### [Data]
•••

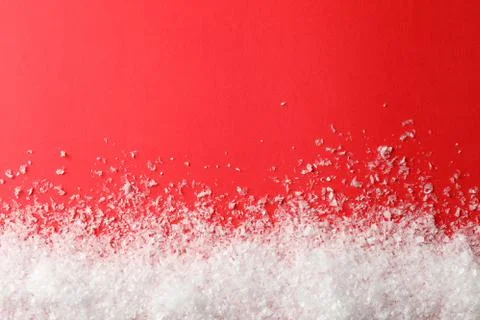 Snow on red background, space for text Stock Photos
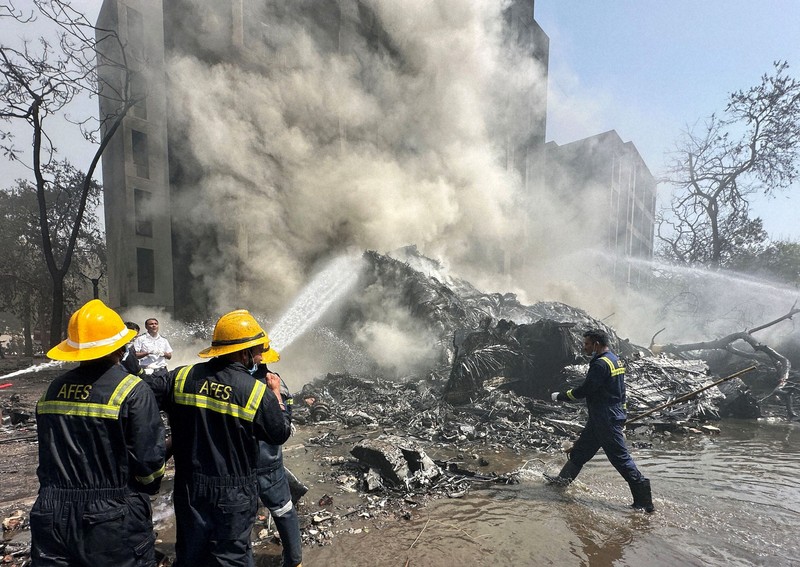 航空機が墜落した現場周辺で消火作業する消防士ら＝インド西部グジャラート州アーメダバードで2025年6月12日、ロイター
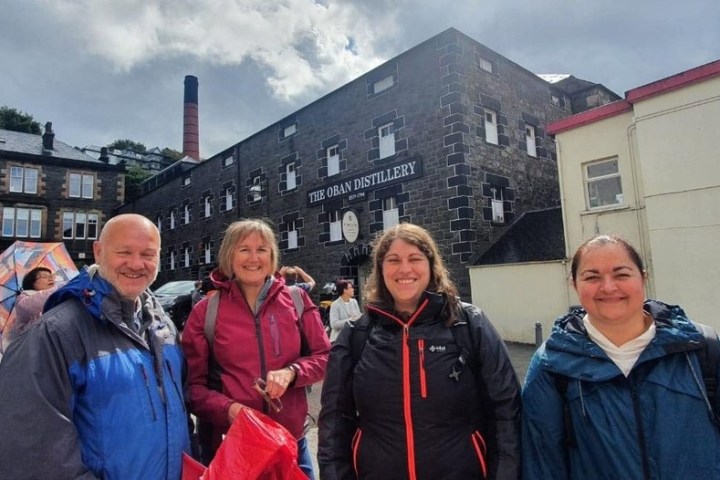 a group of people standing in front of a building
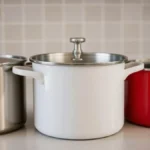 Stainless Steel vs Ceramic vs Enamel Stockpots: Which Material Is Best for Large Families? 4 Various stockpot materials showing stainless steel, ceramic, and enamel options side by side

•••

### [Task statement]
Copy the listing verbatim, omitting images.

### [Written response]
 Snow on red background, space for text Stock Photos
 航空機が墜落した現場周辺で消火作業する消防士ら＝インド西部グジャラート州アーメダバードで2025年6月12日、ロイター
 a group of people standing in front of a building
 Stainless Steel vs Ceramic vs Enamel Stockpots: Which Material Is Best for Large Families? 4 Various stockpot materials showing stainless steel, ceramic, and enamel options side by side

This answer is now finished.